I was talking with a coworker about the outcome of the Presidential election.  I couldn't believe how much of the popular vote Romney had actually garnered.

So I asked my coworker what he'd heard about Romney's Mormonism.  I explained that I heard all kinds of things and had seen talk shows and interviews (not all with Mitt himself) that addressed the weird, creepy, and socially unacceptable aspects of Romney's religion.  But I was looking for that stuff.  I wanted to know how much of the Mormon creepiness had leaked into the general public's awareness.
He said he hadn't heard much.  He'd heard Romney's religion addressed vaguely as his "beliefs" or his "faith in God," but he hadn't heard any of the dirt that I'd found.  The vengeful ex-mo in me died a little.  After all the scrutiny the church had been under, campaign ettiquite had kept the dark underbelly of Mormonism from seeing the light of day?

I'd been hoping that the so-called "Mormon Moment" would backfire and become Mormonism's downfall.  But I think the Mormon Moment was really only a moment at all for those within the church because they felt some kind of validation from one of their own taking a legitimate center-stage position in the political world.  To those outside the church, the Mormon Moment was invisible.  Some guy from Massachusetts with a suspiciously good haircut and an unusual religion ran for President, and he lost.  End of story.
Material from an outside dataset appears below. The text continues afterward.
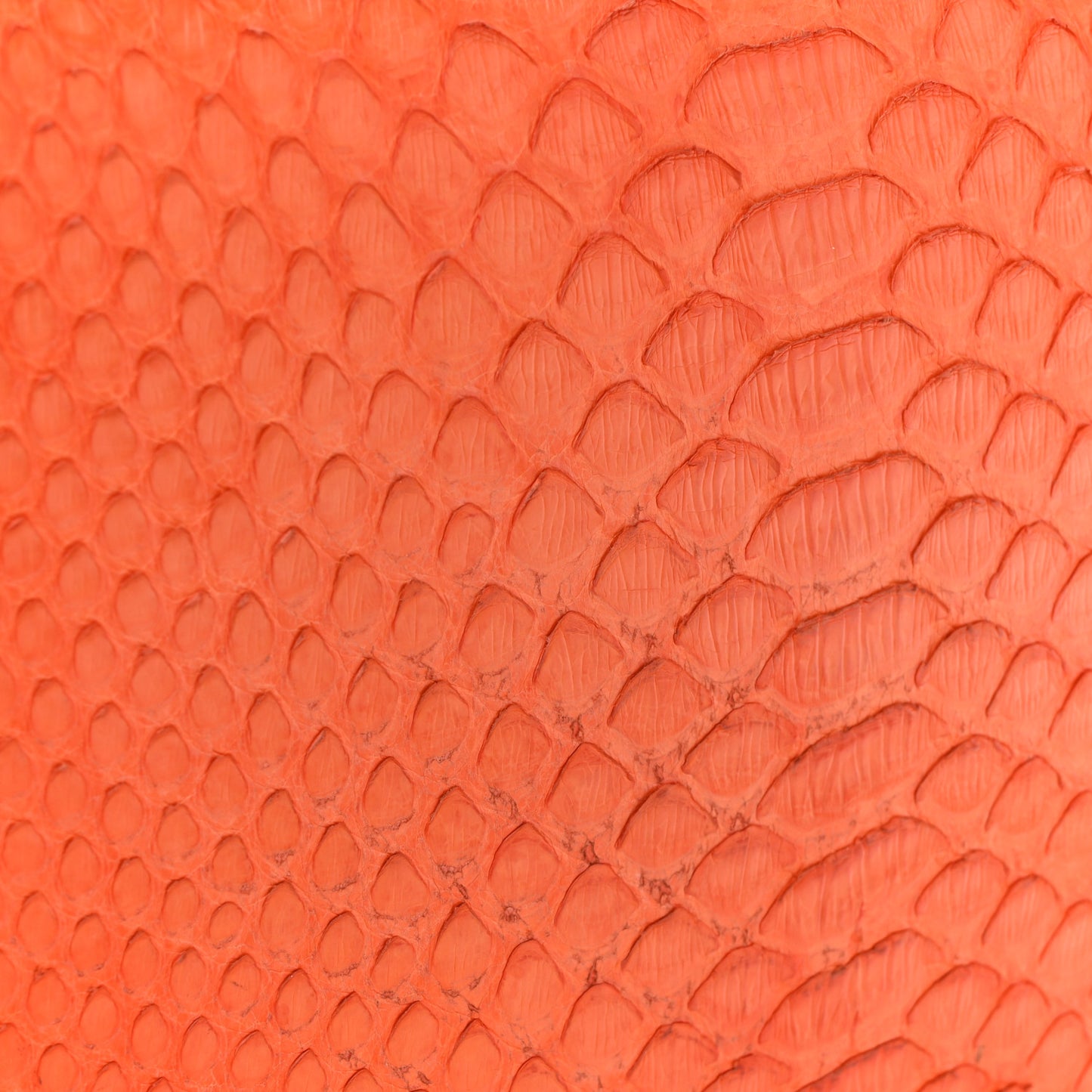 Snakeskin Medium Classic Box Flap Orange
There was no fanfare.  There was no inordinate attention given to the doctrines or the history of the candidate's religion.  There was no elevated awareness of what Mormonism is.  It seems like maybe Romney will become another one of those names that high school students will learn thirty years from now and barely be able to remember--like Goldwater or Mondale.

I almost wish Romney had won.  Maybe four years of a Mormon President would have heightened the scrutiny to the right levels.  Maybe four years would have uncovered enough of the truth for America to realize that there's something fundamentally wrong with a religion that its people have been tolerating (and worse, joining) for the last hundred years. 

Maybe four years would have intensified the so-called "hemorrhage" of church membership into a full-on arterial spurt.  Because that's what I wanted from the Mormon Moment.